Crude (WTIC) May futures contract set itself on fire last night = down 330% to a low of minus 37.63$.
Why did Crude have an existential crisis last night? .This was all about the expiry of futures contracts on 21st April The long and short of it is in the US markets -Crude is a physical deliverable contract at Cushing OK. ( its not on MCX, India) . So if a trader holds a position whether long or short 48 hours before it expires they are obligated to take or give delivery of the physical product. There are no exceptions.
That’s where the drama came in – The outstanding May contracts last night were app 109k in size –which is roughly over 1 Million Barrels. So with less than 24 hours to go and no storage available at Cushing, traders were forced to sell at any price, in this instance at negative prices, to take physical oil, off their hands. It was not just at Cushing though – it spilt over to every grade of oil as producers/refiners were ready to pay to get this oil off their hands because there is really no one that needs crude with the country in shutdown? What is coming next?
President Trump just announced the US will be adding 75MB to its SPR – but he needs Congress to vote on it. On the flip side Shale got capped / Canada stopped producing… so did President Trump get his 350k MBPD cut promised on behalf of Mexico to OPEC without lifting a finger ?? ) As for that 35MB of Saudi oil queued up for delivery on US shores – Trump wants to halt their shipment. This will be this week’s breaking story….

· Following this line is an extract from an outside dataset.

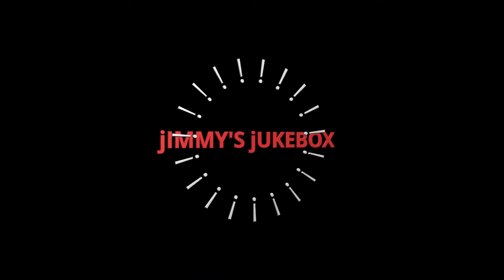Jimmy's Jukebox Mobile DJ. Hi, welcome, it's me, Jimmy Hill. Let's look at the light I use behind my screen right now.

The second part of the story was retail buying s i the USO ETF (a long oil fund) – They were forced rolling May to June at a 10$ premium only to have a bill handed to them by the ETF who squared their May longs at an 8-10$ loss at the very least. For those who went all into that USO ETF last night thinking they were buying at 0 or negative prices – guess again! USO expired on 20th – and they are all long June at 21$ odd. Evidence – that ETF filed last night to authorize an increase to shares outstanding to 4 billion. That ETF had an OI of only 120 M at the start of the year, currently the OI stands at just over 1.1 B. The pain is not over yet – the fund currently trades at 8% above its NAV. The other thing to keep an eye out for is problems at the CME. Oil is traded with high levels of margin and lots of leveraged funds have ended up on the wrong side of that trade. Will find out soon enough who was holding the bag. ATM it appears that Hin Leong Trading, a Singapore trading firm is the first victim. It is holding 4B$ of debt and has filed for bankruptcy.
Hot money / Lemmings / Retail are always chasing volatility. They found it in oil, much to their misery. The moral of the story – when retail buys it’s usually the top, when they sell it’s the bottom.